Look through the listing below and write out exactly the lines from the line with "White orange printed" to the line with "1boy jumped in", both included, and no others.

Dataset excerpts |

****

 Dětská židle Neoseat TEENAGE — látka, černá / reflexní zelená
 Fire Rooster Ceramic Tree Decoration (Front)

****

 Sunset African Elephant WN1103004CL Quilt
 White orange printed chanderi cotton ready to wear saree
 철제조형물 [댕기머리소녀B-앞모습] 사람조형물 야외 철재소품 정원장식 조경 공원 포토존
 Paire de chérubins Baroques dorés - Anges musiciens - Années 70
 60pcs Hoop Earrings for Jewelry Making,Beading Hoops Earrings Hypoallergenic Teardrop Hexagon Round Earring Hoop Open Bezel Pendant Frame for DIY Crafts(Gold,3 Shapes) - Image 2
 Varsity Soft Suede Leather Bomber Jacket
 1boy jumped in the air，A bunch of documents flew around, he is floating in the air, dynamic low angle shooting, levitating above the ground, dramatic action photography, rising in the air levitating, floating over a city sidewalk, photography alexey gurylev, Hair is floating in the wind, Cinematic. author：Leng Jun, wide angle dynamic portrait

****

Result for this exercise |
 White orange printed chanderi cotton ready to wear saree
 철제조형물 [댕기머리소녀B-앞모습] 사람조형물 야외 철재소품 정원장식 조경 공원 포토존
 Paire de chérubins Baroques dorés - Anges musiciens - Années 70
 60pcs Hoop Earrings for Jewelry Making,Beading Hoops Earrings Hypoallergenic Teardrop Hexagon Round Earring Hoop Open Bezel Pendant Frame for DIY Crafts(Gold,3 Shapes) - Image 2
 Varsity Soft Suede Leather Bomber Jacket
 1boy jumped in the air，A bunch of documents flew around, he is floating in the air, dynamic low angle shooting, levitating above the ground, dramatic action photography, rising in the air levitating, floating over a city sidewalk, photography alexey gurylev, Hair is floating in the wind, Cinematic. author：Leng Jun, wide angle dynamic portrait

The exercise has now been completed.